Instructions for the task: Take the line with "139 Suffolk Ave, Pawtucket, RI" and every line after it in the entries below, and set them down exactly, without any pictures.

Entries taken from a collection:

####

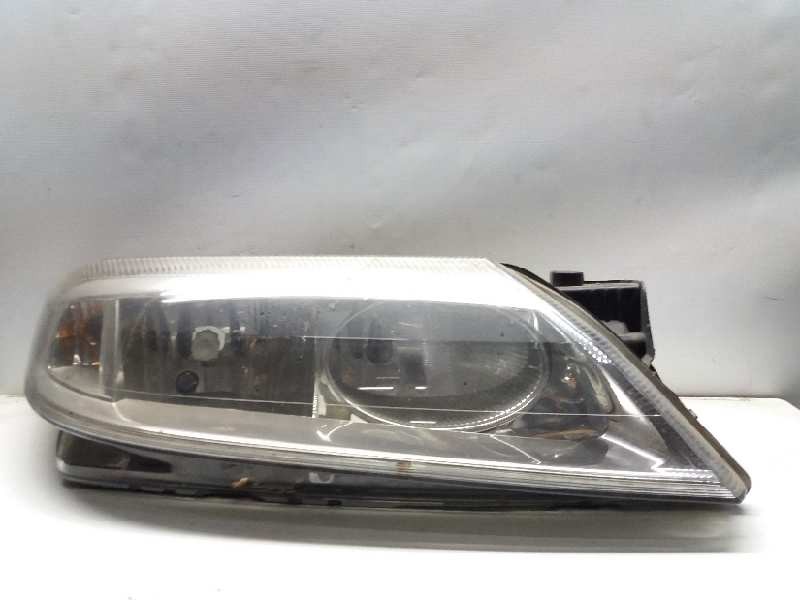 Recambio de faro derecho para renault laguna (b56) 1.6 16v rt referencia OEM IAM 7701047881  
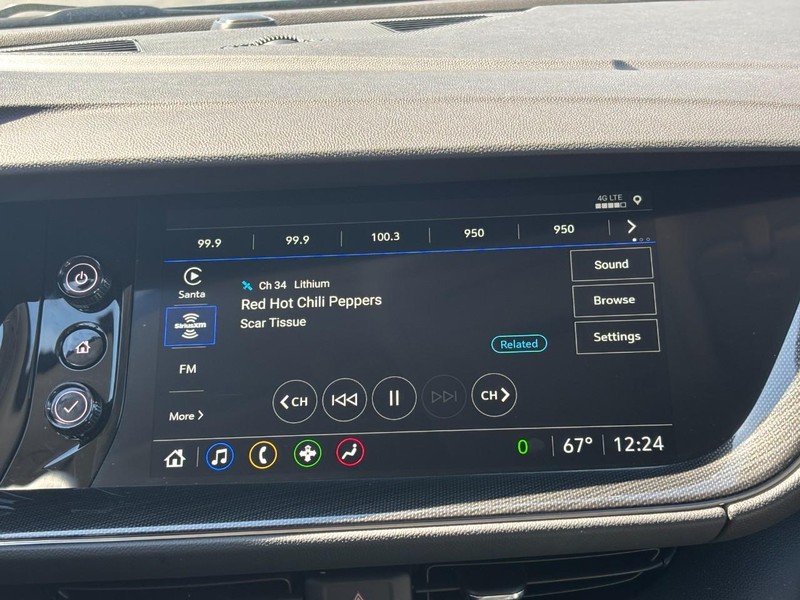 Buick Envision Vehicle Full-screen Gallery Image 20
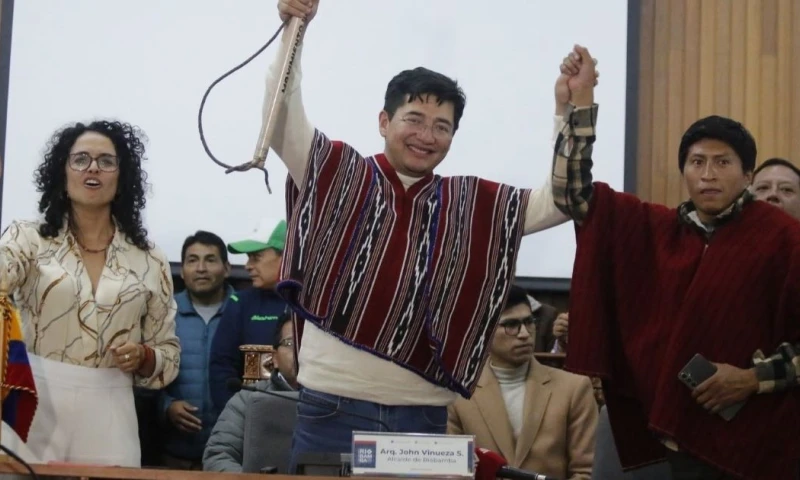 El alcalde de Riobamba, John Vinueza, fue electo para el periodo 2023-2027 / Foto: cortesía John Vinueza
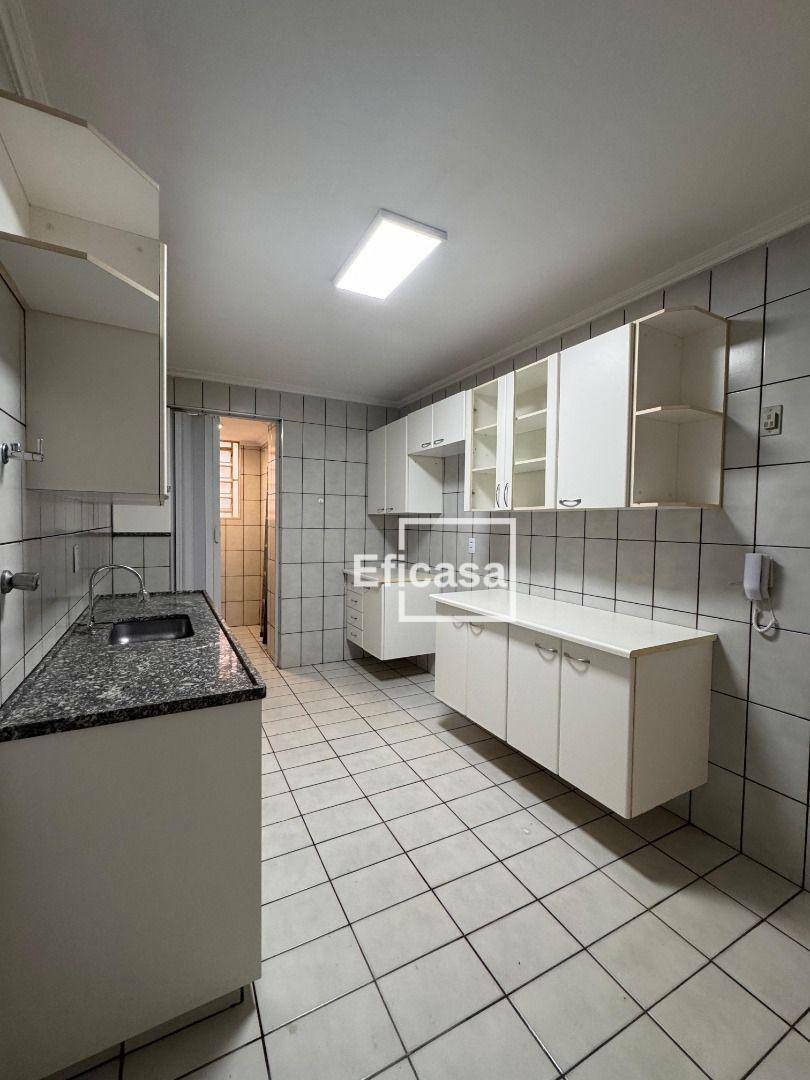 Apartamento à venda com 2 quartos, 70m² - Foto 3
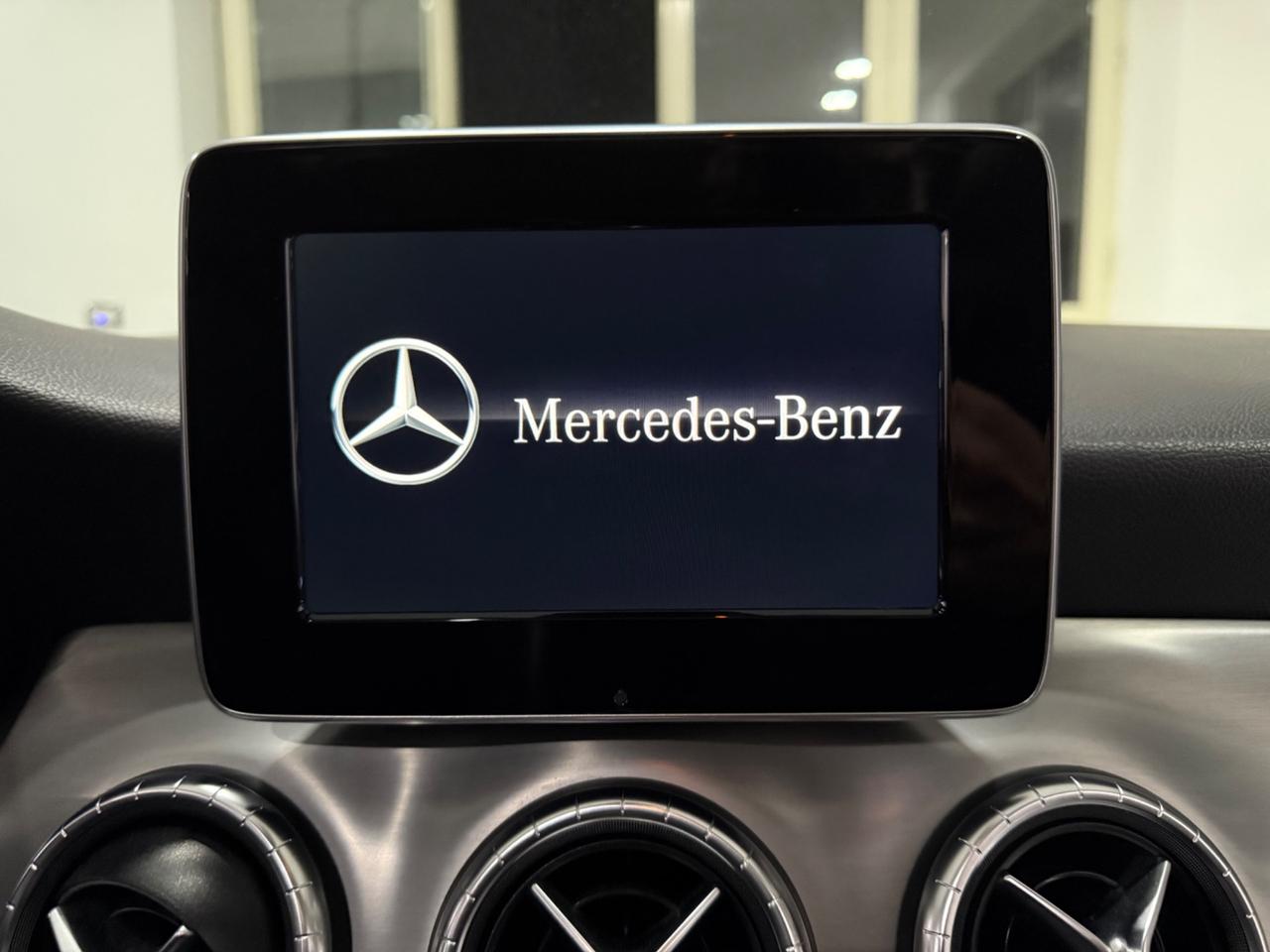 Mercedes-benz CLA Auto. PREMIUM AMG+TETTO/AMBIENT2019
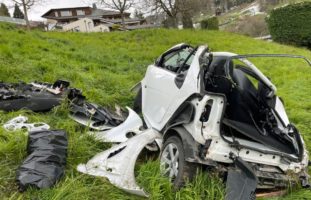 Weggis LU - Auto überschlägt sich mehrmals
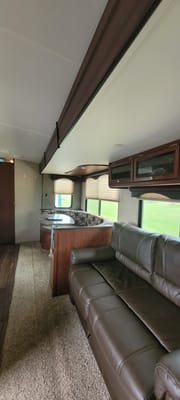 Family-Friendly 30ft spacious trailer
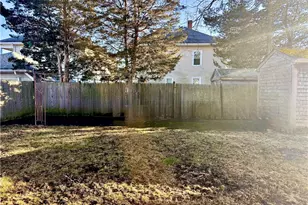 139 Suffolk Ave, Pawtucket, RI 0261 - Photo 23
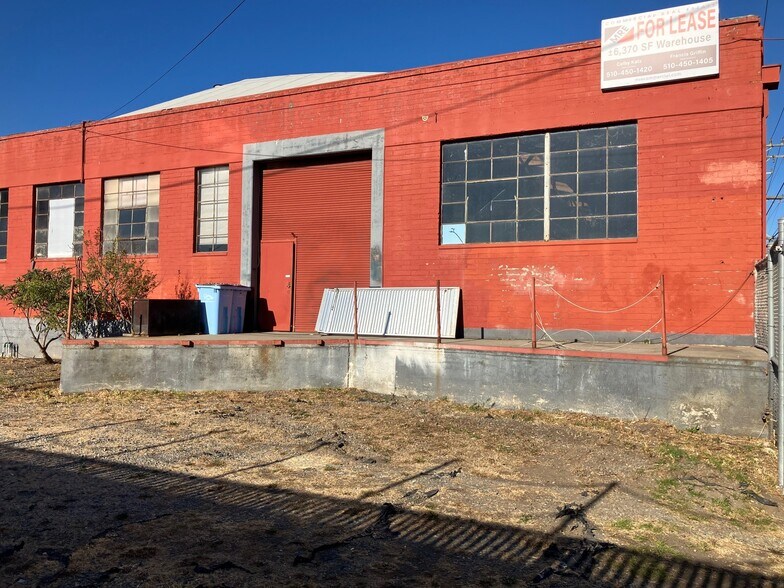 More Photos Of 1036 Ashby Ave, Berkeley Showroom For Lease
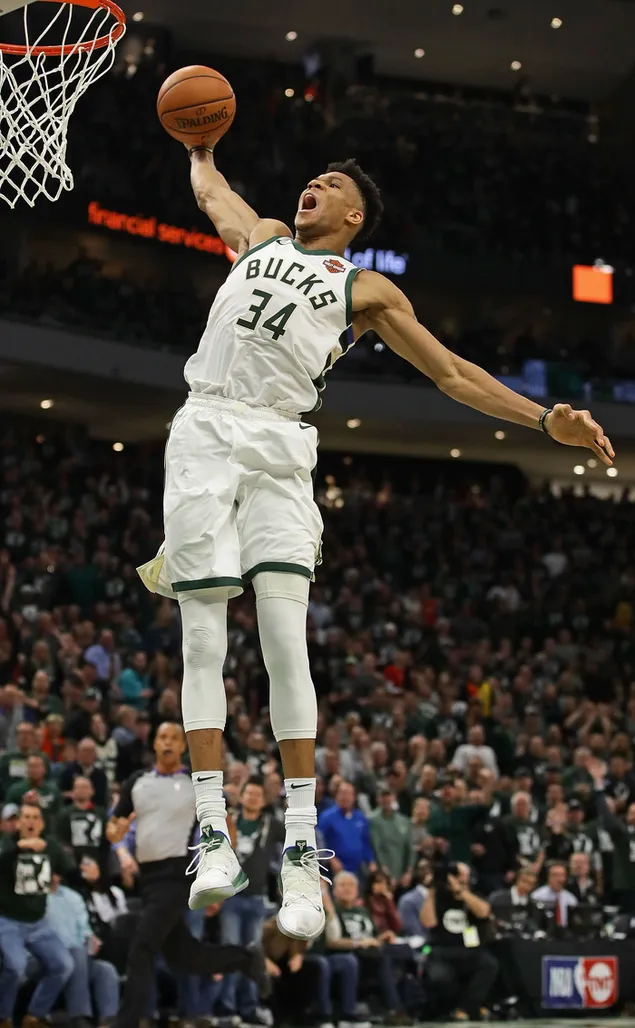 clavada de Giannis antetokounmpo descargar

####

Solved problem:
 139 Suffolk Ave, Pawtucket, RI 0261 - Photo 23
 More Photos Of 1036 Ashby Ave, Berkeley Showroom For Lease
 clavada de Giannis antetokounmpo descargar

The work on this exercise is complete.